Michael Connelly began writing the Mickey Haller novels in a bid to recharge his batteries for his long-running series hero, the LAPD detective Harry Bosch, who has featured in 16 novels since he first appeared in The Black Echo (1992). The Gods of Guilt is only the fifth story to feature defence lawyer Mickey Haller, but the success of the movie of The Lincoln Lawyer – released in 2011, starring Matthew McConaughey and based on the novel of the same name from 2005 – means that Mickey Haller is now arguably a more popular character than Bosch.
That popularity is reflected in an early flash of deadpan humour, as Haller rushes down the courthouse steps and sits into the back seat of the Lincoln town car from which he conducts his business, only to discover that he’s sitting in another lawyer’s Lincoln.
In the cutthroat world of LA’s legal system, where lawyers compete fiercely for business, the admittedly flattering imitation is costing Mickey dearly.
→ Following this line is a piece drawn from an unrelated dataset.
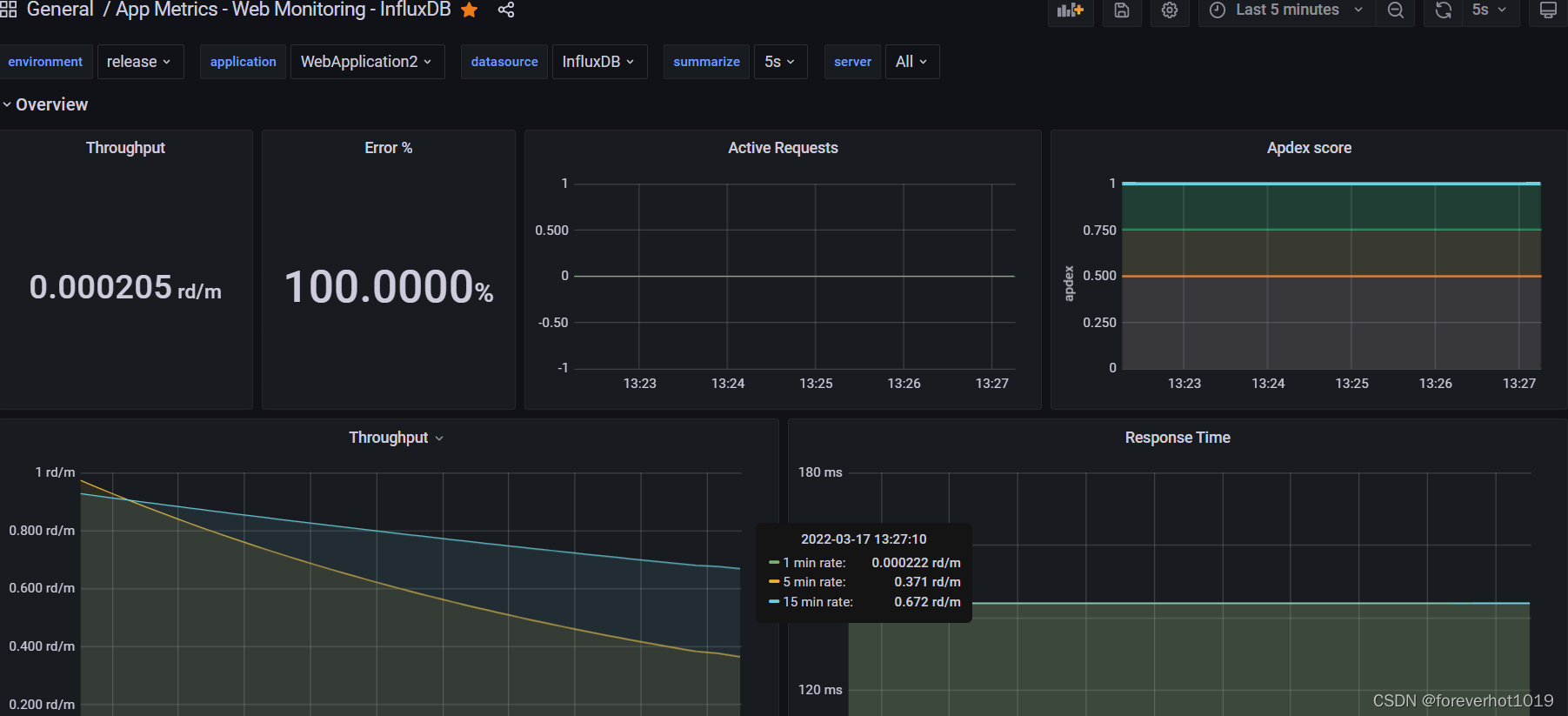 grafana 配置token_3d_05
Mickey, however, has more pressing concerns. An old friend, Gloria Dayton, has been found murdered. Complicating matters is the fact that the alleged killer, Gloria’s pimp, has requested that Mickey defend him in court, and has done so on Gloria’s advice.
Taking the case against his better judgement, Mickey has good reason to rue his decision when it gradually becomes apparent that the murder is rooted in a previous case. Soon Mickey is battling on a number of fronts, and finds himself and his associates targeted by a Mexican drugs cartel.
The title of The Gods of Guilt refers to the jurors who deliver their verdict on the men and women Mickey Haller defends in court, but there’s a personal dimension to it too. “The gods of guilt are many,” says Legal Siegel, Mickey’s aging mentor. “You don’t need to add to them.” Mickey Haller is a slick, fast-talking defence lawyer who isn’t above bending the rules to ensure clients walk away from court with a not-guilty verdict, regardless of their innocence, but his professional exterior masks a man haunted by demons.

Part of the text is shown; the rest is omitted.